# varnyard babys?



## adam1120 (Jun 18, 2011)

does he say what parents they are from or what? never orded a a varnyard baby so unsure how it worsk


----------



## Bubblz Calhoun (Jun 18, 2011)

_You can ask him which pairings he did this year and pic from those if there's something specific you're looking for. He keeps track and doesn't mind providing that info._


----------



## adam1120 (Jun 18, 2011)

okay good cus i mean im sure its not gunna be my only tegu from him so i wouldnt want to have a b&w male this year and order one next year and it be his sister if i ever plan to breed you now im not lookin to breed but just in the safe case dont want the baby tegus coming out with 6 legs cus i was lazy to ask


----------



## Bubblz Calhoun (Jun 18, 2011)

_ That's understandable,.. when ever you're ready for you next one,.. just let him know that you want it to be unrelated. Same goes if you decide to get 2 at once._


----------



## reptastic (Jun 18, 2011)

Yeah Bubblz is right, he Dont mind letting you know you just need to ask him before it is sent out


----------



## adam1120 (Jun 18, 2011)

i would love to get two at a time to grow them up together but this is my first tegu so i dont want to go straight to two and it be a overload for me it gets to to there health so put im pretty sure can i do it i was just think ahead for the tegu life i got my 40 beeder ready for what i understand only for a few months then i would be building a 7x4x4 then have a place for hiim outside ill make when it comes to that


----------



## reptastic (Jun 18, 2011)

I can understand that, but be warned they are highly addictive once you know what you are doing lol, after i got my first tegu 4 mos later came the second, then the third next thing i know i got 4 and 2 on the way lol..they are just awesome i have never had any reptile thats as awesome as my tegus they quickly knocked iguanas to my second fave(but shhh dont let the greens and rocks know lol)


----------



## adam1120 (Jun 18, 2011)

i been waitign years to get one i now forsure ima get addictied i just got to kinda convince my gf to let me get too lol first it was she hated reptiles then i got one she loves it then she hated bearded dragons then i got two and she feel in love and now im getting a tegu she think its gunna bite off her finger everytiime she touches it cus the thing she saw on tv on geo i think idk but ME!! omg im soo excited lol i cant even got o sleep most night thinking about how my cage is gunna look with him in it lol even tho hes gunna be underground alot lol but still you now you got them


----------



## BlackendMetalDeathHead666 (Jun 20, 2011)

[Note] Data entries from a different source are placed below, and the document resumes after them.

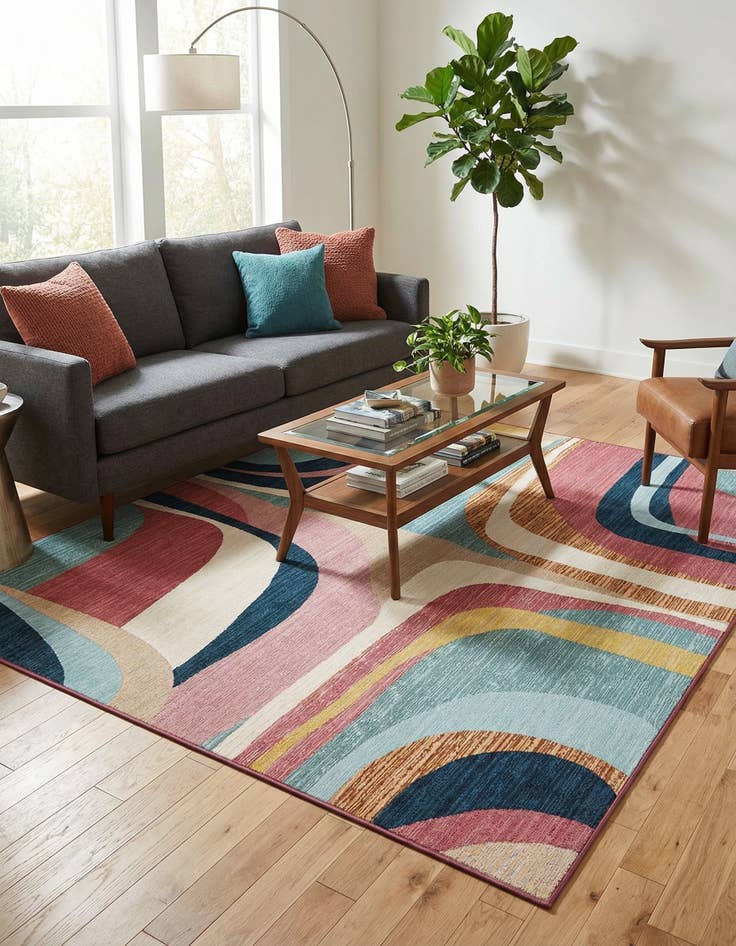 Detail image of 7' 10 x 7' 10  Washable Modern Indoor / Outdoor Square Rug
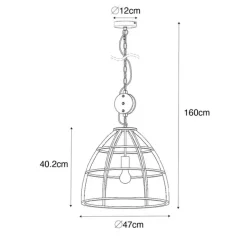 Industrielle Hängelampe dunkelgrau mit Holz 47 cm - Arthur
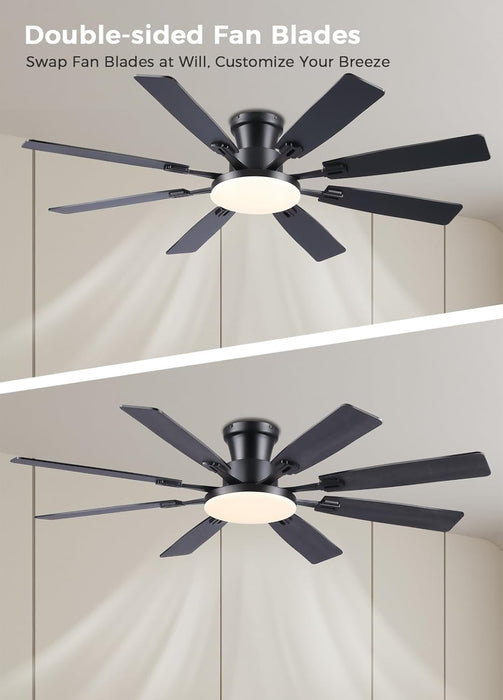 60Inch Ceiling Fan with Lights and Remotes, Large Low Profile Flush Mount Ceiling Fans,Dc Reversible Motor, 3CCT Dimmable,Noiseless,Dual Finish, Black 6 Speeds Ceiling Fan for Indoor/Outdoor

Im super confused, i was on that site for everal days now reading and looking at things and I have a question.....are the high contrast red tegu's giant argentines? and how do you tell giant argentines from others aside from sizes and behaviors and also are the normal red tegus deeper than the high reds? and if its okay to ask, how do you tell a giant red argentine tegu (( or any tegu for that matter )) male from female when theyre little, babys, juvenile, or whatever?


----------



## reptastic (Jun 20, 2011)

The reds are just that red tegus, they arent giants, high contrast red from my uderstang have a deeper and brighter patern than most normal reds,besides size the giants and b/w can be told apart by patterns, color, and the shape of the head, as far as sexing you just have to wait til they are older and see if the buttons and jowls appear(usually around a year) if they do then you got a male if not its a female


----------



## brutus13 (Jun 20, 2011)

I bought two last year and they have grown up since they were 11" and they hate each other!! I just found out today my "girl" is really another male. "she" left me a beautiful sperm plug this morning. Lol that would explain why my males aren't loving each other!!!


----------



## reptastic (Jun 20, 2011)

Lol well depending on who the giants parents are its a good thing they Cant try and "love on" other


----------



## brutus13 (Jun 20, 2011)

Lol it's last years giants and all American


----------